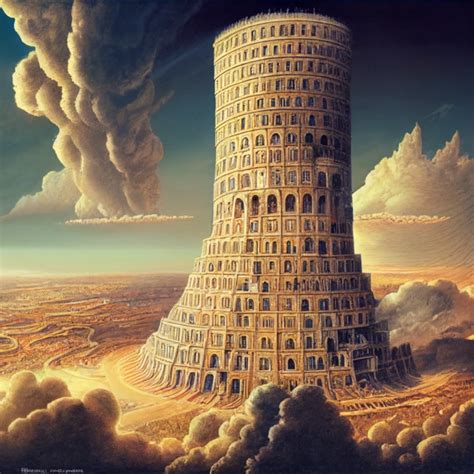 The Tower Of Babel Spiraling Up Into The Clouds Midjourney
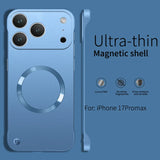 Frameless Ultra Thin Metallic Paint For Magsafe Magnetic Case For iPhone 17 16 15 14 13 Series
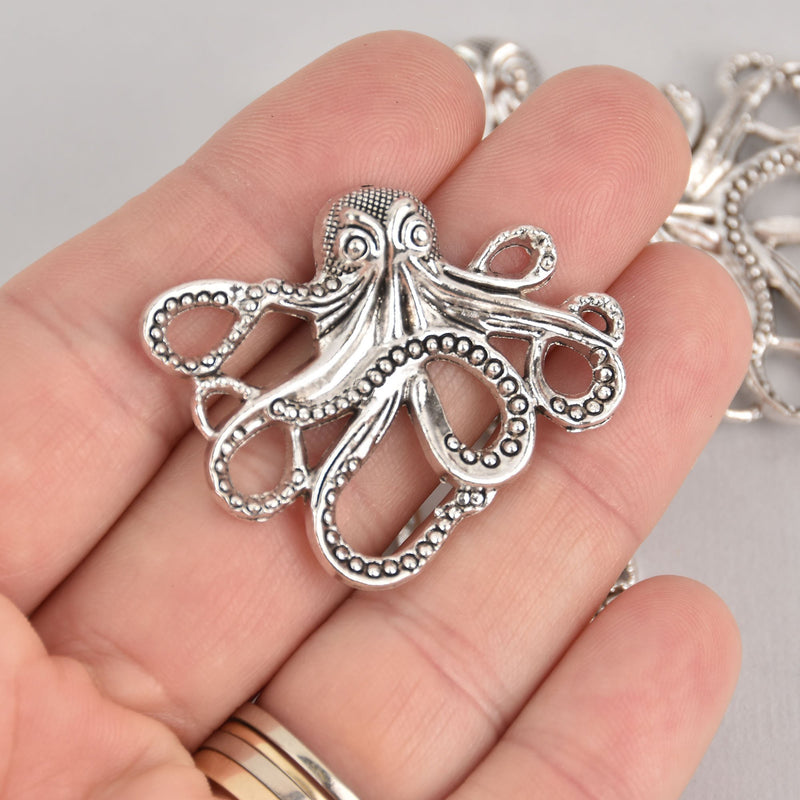 2 Large OCTOPUS Charms, antique silver tone metal . chs7029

• TASK DETAILS:
Every line of the listing is to be retyped exactly; pictures stay out.

• SOLUTION TO THIS EXERCISE:
 The Tower Of Babel Spiraling Up Into The Clouds Midjourney
 Frameless Ultra Thin Metallic Paint For Magsafe Magnetic Case For iPhone 17 16 15 14 13 Series
 2 Large OCTOPUS Charms, antique silver tone metal . chs7029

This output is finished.